Pool request interrupted
In the gridftp logs on the pool nodes I see log entries like:
10/24 13:30:39 Cell(GFTP-pool2-Unknown-3590@gridftp-pool2Domain) : pool request interrupted 10/24 13:30:41 Cell(GFTP-pool2-Unknown-3579@gridftp-pool2Domain) : pool request interrupted 10/24 13:30:50 Cell(GFTP-pool2-Unknown-3588@gridftp-pool2Domain) : pool request interrupted
This is normally a result of the FTP client dropping the control channel. As a result the FTP door breaks out of whatever it was doing, and this is what is noted in the log.
Disk I/O error
Pools going offline with Disk I/O error. The files are readily accessible, the error is popping up randomly across different pools which are all on different RAID 5 -s. The offending files can be copied around.

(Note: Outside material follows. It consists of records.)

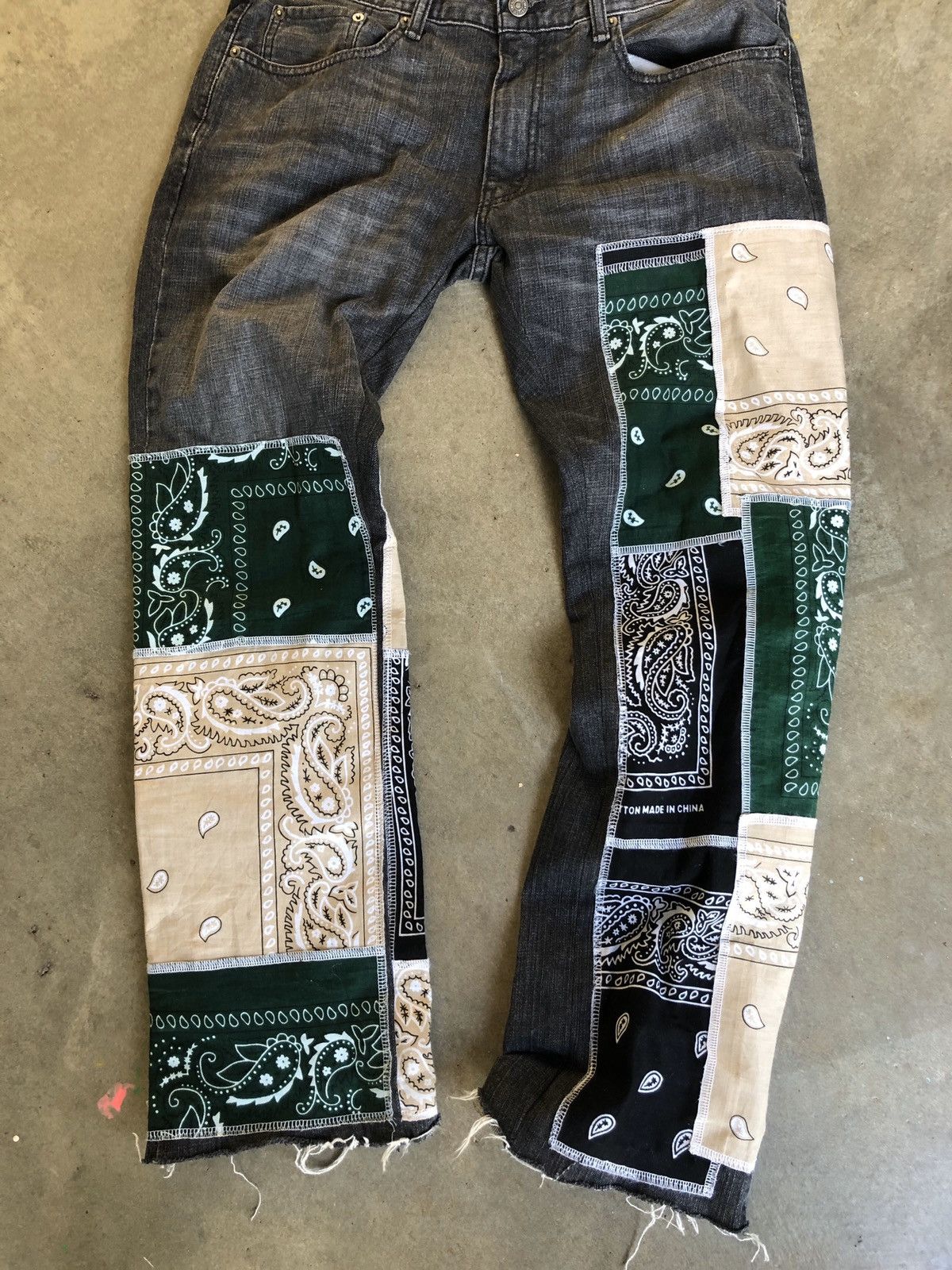 Levi's Bandana Patch Denim offer me Size US 32 / EU 48 - 2 Thumbnail
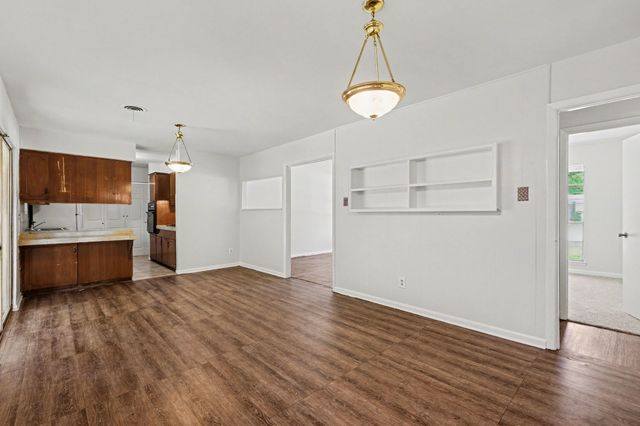 60 Somerset Terrace, Bedford, TX 76022
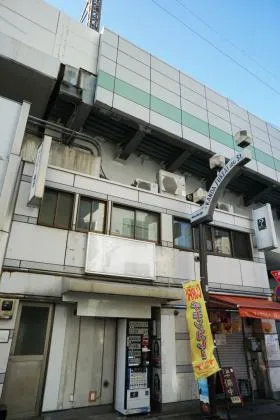 JR高架下ビルの外観
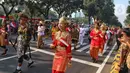 Tampak masyakarat antusias sepanjang jalan dari Monas ke Istana menyaksikan kirab dalam rangkaian upacara HUT ke-78 RI. (Liputan6.com/Angga Yuniar)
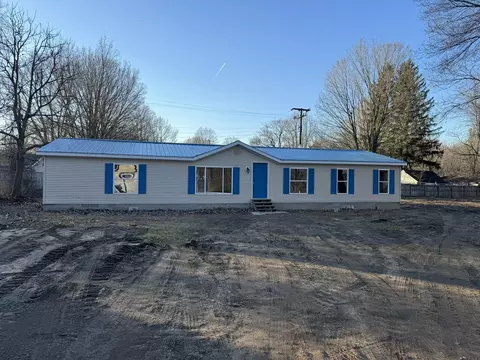 524 Morrison Ave, Bangor, MI 49013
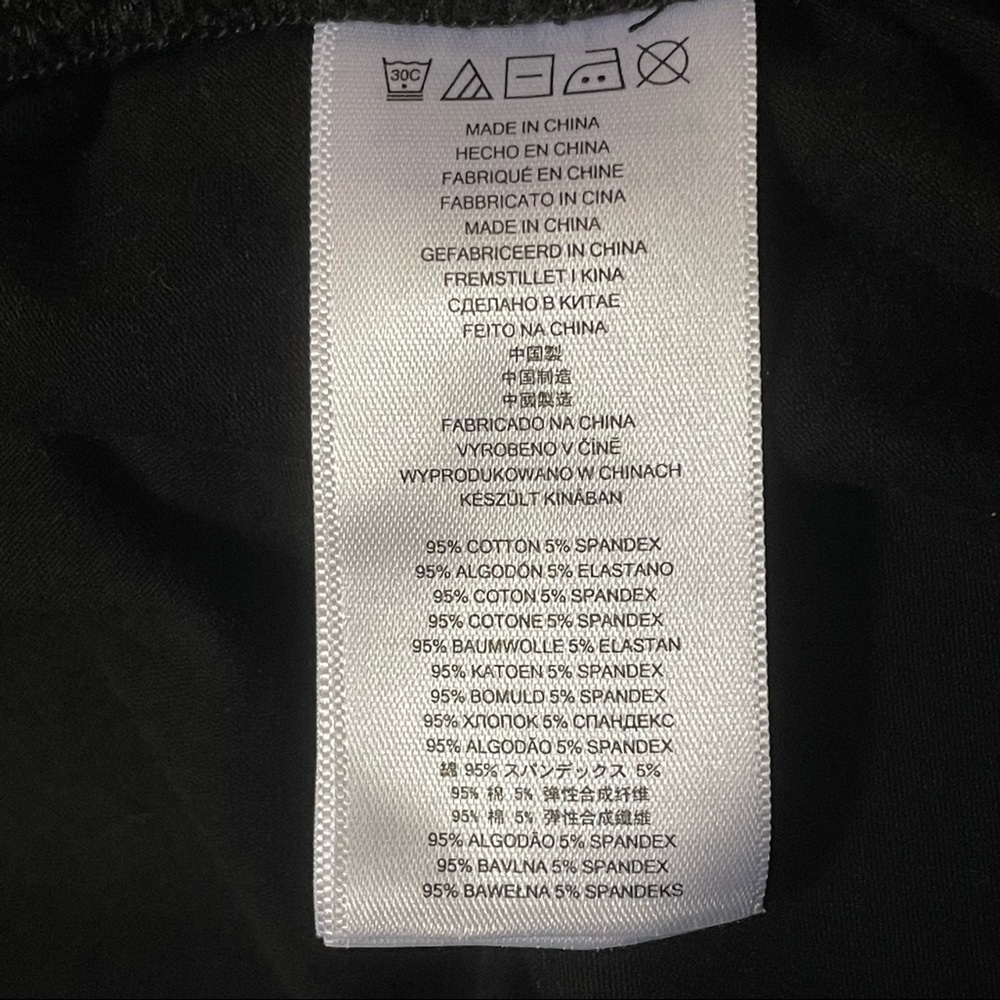 Michael Michael Kors Zipper Front Black Short Sleeve Maternity T-Shirt Size OX - Picture 6 of 9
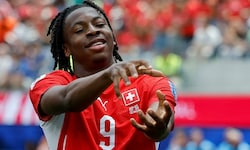 Doppeltorschütze für die Schweiz: Freiburg-Legionär Johan Manzambi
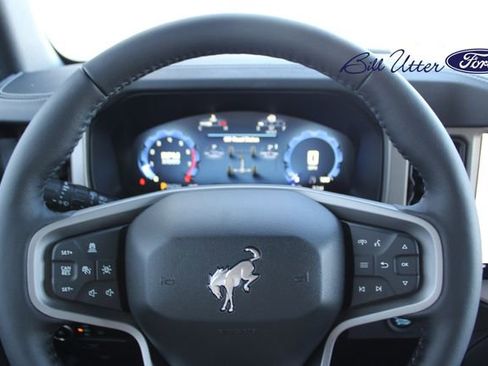 New 2025 Ford Bronco Outer Banks image 17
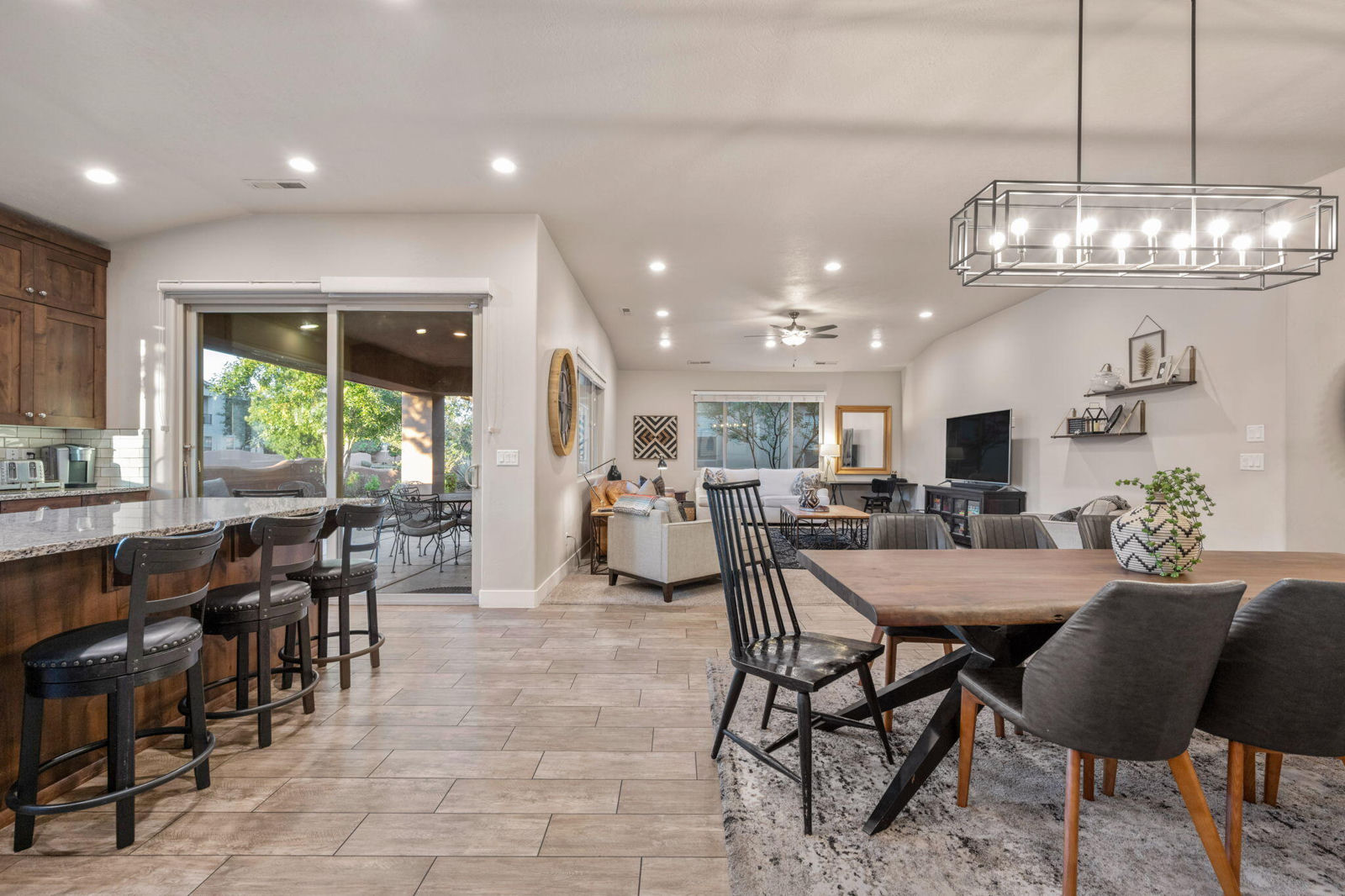 3823 W Dream CIR, 118, Santa Clara, photo 9 of 54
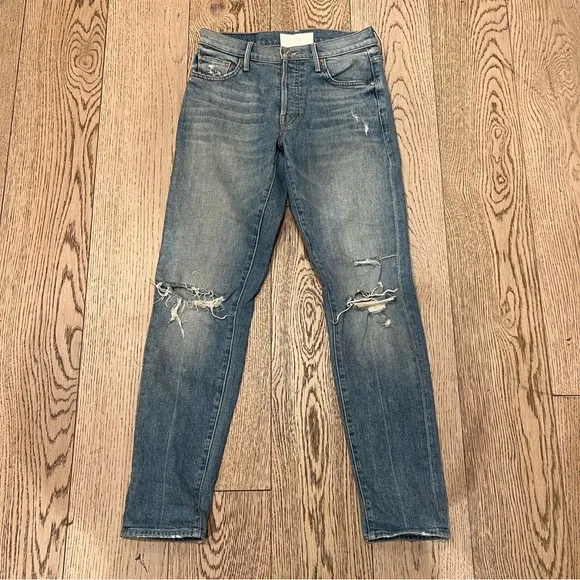 NWOT Mother The Stinger Jeans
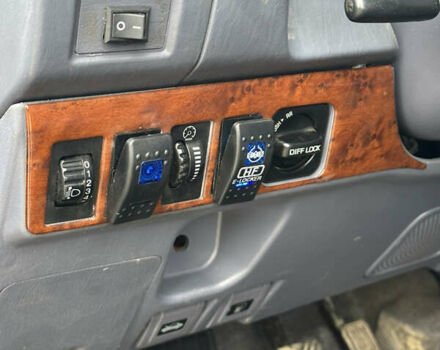 Синій Тойота Ленд Крузер Прадо, об'ємом двигуна 3.38 л та пробігом 410 тис. км за 12500 $, фото 12 на Automoto.ua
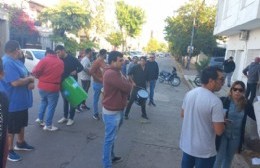 Manifestación frente a la sede de UATRE por despidos y recortes de la obra social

10/27 21:13:16 Cell(europa_1@europaDomain) : (DCap_3_nio) Problem in command block : RequestBlock [Size=12 Code=2 Buffer=java.nio.HeapByteBuffer[pos=12 lim=12 cap=8192] 10/27 21:13:16 Cell(europa_1@europaDomain) : java.io.IOException: Connection reset by peer 10/27 21:13:16 Cell(europa_1@europaDomain) : at sun.nio.ch.FileDispatcher.write0(Native Method) 10/27 21:13:16 Cell(europa_1@europaDomain) : at sun.nio.ch.SocketDispatcher.write(SocketDispatcher.java:29) 10/27 21:13:16 Cell(europa_1@europaDomain) : at sun.nio.ch.IOUtil.writeFromNativeBuffer(IOUtil.java:104) 10/27 21:13:16 Cell(europa_1@europaDomain) : at sun.nio.ch.IOUtil.write(IOUtil.java:60) 10/27 21:13:16 Cell(europa_1@europaDomain) : at sun.nio.ch.SocketChannelImpl.write(SocketChannelImpl.java:302) 10/27 21:13:16 Cell(europa_1@europaDomain) : at diskCacheV111.movers.DCapProtocol_3_nio.doTheRead(DCapProtocol_3_nio.java:1166) 10/27 21:13:16 Cell(europa_1@europaDomain) : at diskCacheV111.movers.DCapProtocol_3_nio.runIO(DCapProtocol_3_nio.java:570) 10/27 21:13:16 Cell(europa_1@europaDomain) : at diskCacheV111.pools.MultiProtocolPool2$RepositoryIoHandler.run(MultiProtocolPool2.java:1474) 10/27 21:13:16 Cell(europa_1@europaDomain) : at diskCacheV111.util.SimpleJobScheduler$SJob.run(SimpleJobScheduler.java:64) 10/27 21:13:16 Cell(europa_1@europaDomain) : at java.lang.Thread.run(Thread.java:595) 10/27 21:13:16 Cell(europa_1@europaDomain) : (DCap_3_nio) FIN : SEEK_READ failed (IO not ok) 10/27 21:13:16 Cell(europa_1@europaDomain) : Exception in runIO for : 000200000000000000C93650 CacheException(rc=204;msg=Disk I/O Error ) 10/27 21:13:16 Cell(europa_1@europaDomain) : CacheException(rc=204;msg=Disk I/O Error ) 10/27 21:13:16 Cell(europa_1@europaDomain) : at diskCacheV111.movers.DCapProtocol_3_nio.runIO(DCapProtocol_3_nio.java:823) 10/27 21:13:16 Cell(europa_1@europaDomain) : at diskCacheV111.pools.MultiProtocolPool2$RepositoryIoHandler.run(MultiProtocolPool2.java:1474) 10/27 21:13:16 Cell(europa_1@europaDomain) : at diskCacheV111.util.SimpleJobScheduler$SJob.run(SimpleJobScheduler.java:64) 10/27 21:13:16 Cell(europa_1@europaDomain) : at java.lang.Thread.run(Thread.java:595) 10/27 21:13:16 Cell(europa_1@europaDomain) : New Pool Mode : disabled(fetch,store,stage,p2p-client,p2p-server,) 10/27 21:13:16 Cell(europa_1@europaDomain) : Disk I/O Error
Probably a disk error causes this. Diagnostic tools should be used.